Sens: At this point, they get talked about in tandem so often we should really have just one name for Brooks and Bryson, kinda like Brangelina. Combined, they are going to have a massive impact on the U.S. team. What kind of impact is the big question.
6. With Patrick Reed left off the U.S. team, it begs the question: Who on the U.S. will play the ever-important role of opponent irritator and crowd ignitor? And who will that be for Europe?
Piastowski: It’s a tough question for the U.S. side — few on this team have done something like that before, and it may take them out of their comfort zone if they tried. Spieth would be an obvious answer, but man, I’d love to see Morikawa stuff iron after iron and work the crowd along the way. He can certainly do the former. For the Europeans, it’s more a question who won’t be this guy. But it’d be a blast to see Tyrrell Hatton go on a birdie binge and go nuclear on the crowd.
Colgan: It’s Ian Poulter for Europe. It’s always Ian Poulter. For the Americans, how about Brooks Koepka? He certainly has the mentality for it.

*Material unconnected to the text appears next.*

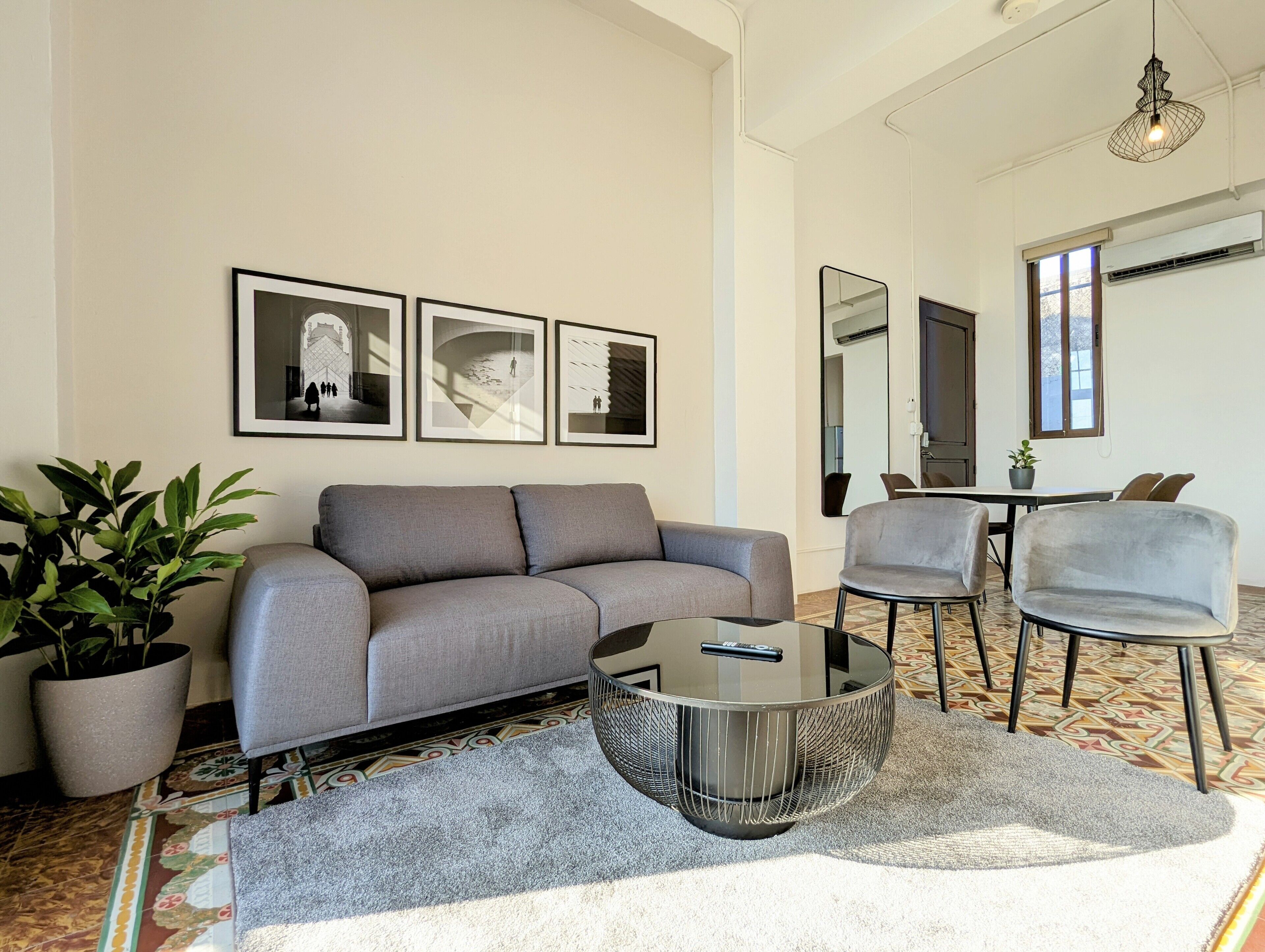 Ein modernes Wohnzimmer mit einem grauen Sofa, einem Glastisch und einer Topfpflanze.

Berhow: Not everyone can play that role (sorry, Harris English), but Justin Thomas is a good fit, and I also think he wants to be that guy who can get a point, be a leader and put the team on his back. As for Europe, it’s Poulter, with Hatton waiting in the wings.
Bamberger: Sorry, maybe I missed something: Is Bryson DeChambeau not playing in this Ryder Cup? Bryson DeChambeau. He’ll irritate and ignite American fans, any European fans who will be there, European players, his own teammates. It’s his special talent, or one of them. As for the Europeans, you have to go back to the well: Ian Poulter. It’s his eyeballs. They speak a language all their own.
Sens: Poulter is a Hall of Fame irritant for sure. But let’s not forget Sergio, who has played that same role throughout the years (and who has been flashing some pretty tidy form of late). Michael’s right that Bryson will be the most polarizing on the U.S. side. But the guy best suited to fire up the crowd is Spieth. It’s all about those backbreaking putts in the Ryder Cup, and no one makes more big ones than he does.